C’est un triple coup de semonce qui a été adressé en quelques jours à peine aux Européens: les attaques du vice-président américain J.D. Vance contre la démocratie européenne; l’annonce par Donald Trump de l’ouverture de négociations avec Vladimir Poutine sur la guerre en Ukraine sans y inclure ni Kiev ni Bruxelles; l’appel du secrétaire américain Pete Hegseth aux membres européens de l’Otan à dépenser davantage pour leur défense de l’Europe.
Un triple coup de semonce donc, et un réveil brutal pour un Vieux Continent habitué à surfer sur les dividendes de la paix.

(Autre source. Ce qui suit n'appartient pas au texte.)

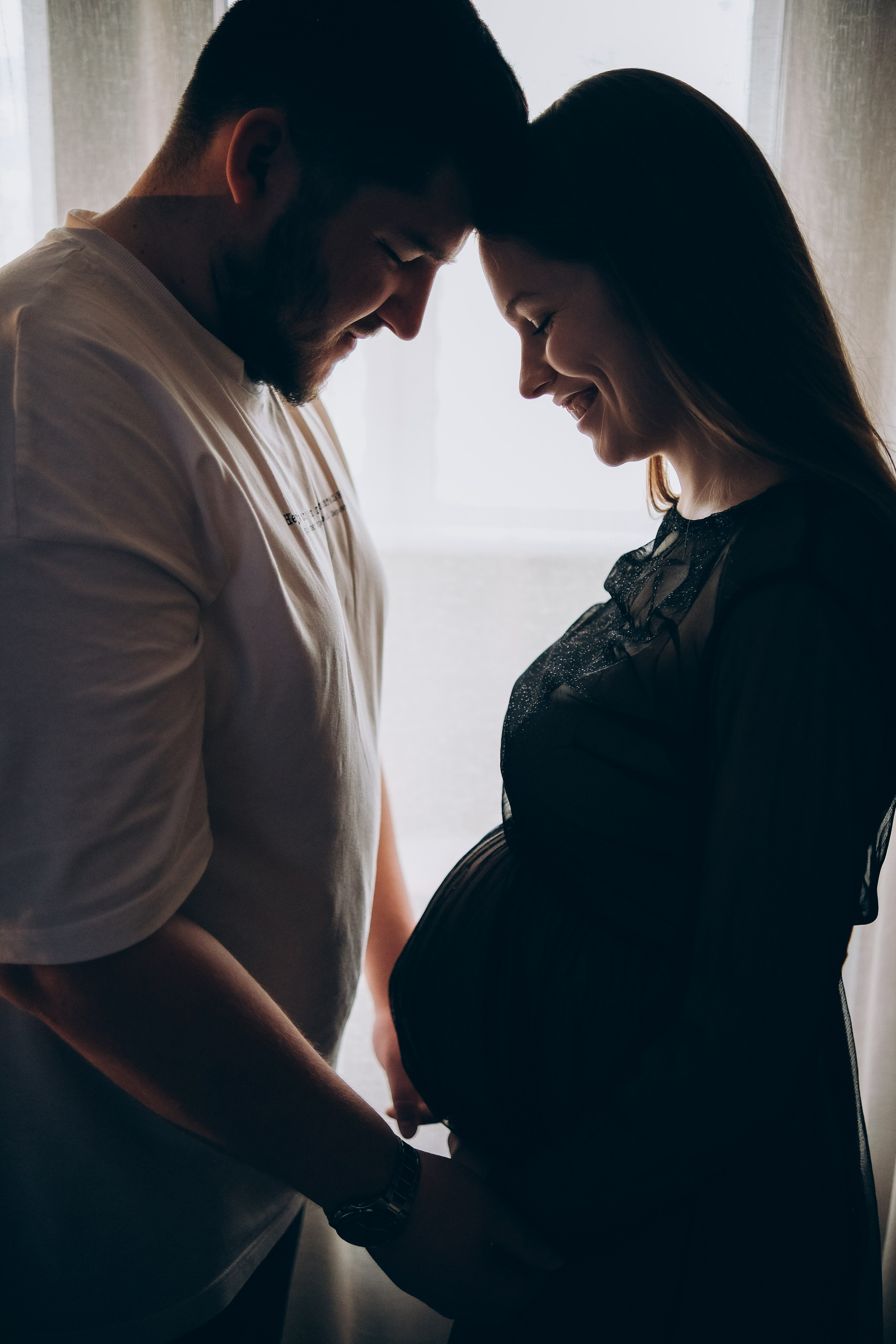 Ксения и Иракли. Семейный детский ньюборн фотограф в Москве Марта Петрова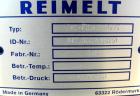 Used Unused- Aluminum Reimelt Bin Vent Dust Collector,  Model Jet Filter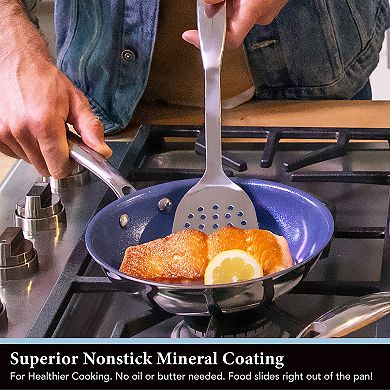 Granitestone Diamond 10-pc. Stainless Steel Nonstick Cookware Set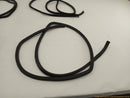 Volvo 240 Set Of 4 Door Seal Weatherstrip Moldings-7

Depuis, les appels au sursaut fusent pour (re)penser le futur de la Défense européenne. Et des idées sont avancées en matière d’organisation comme de financement. Création d’un cadre structurant, renforcement des collaborations, mutualisation des moyens, installation d’un QG européen… Relèvement du budget de défense des Etats membres à 3% du PIB, assouplissement des règles budgétaires de l’Union en excluant les dépenses de défense du calcul des déficits publics, définition des conditions dans lesquelles ces assouplissements pourraient être consentis, établissement d’un instrument financier commun… Des pistes, donc des propositions, mais aucune position commune au stade actuel. La concrétisation du sursaut souhaité se heurtant à des freins multiples au rang desquels le ralentissement de la croissance de la zone euro, des niveaux d’endettement inquiétants et des capacités de production de matériel limitées qui entravent la rapidité d’action de l’Europe.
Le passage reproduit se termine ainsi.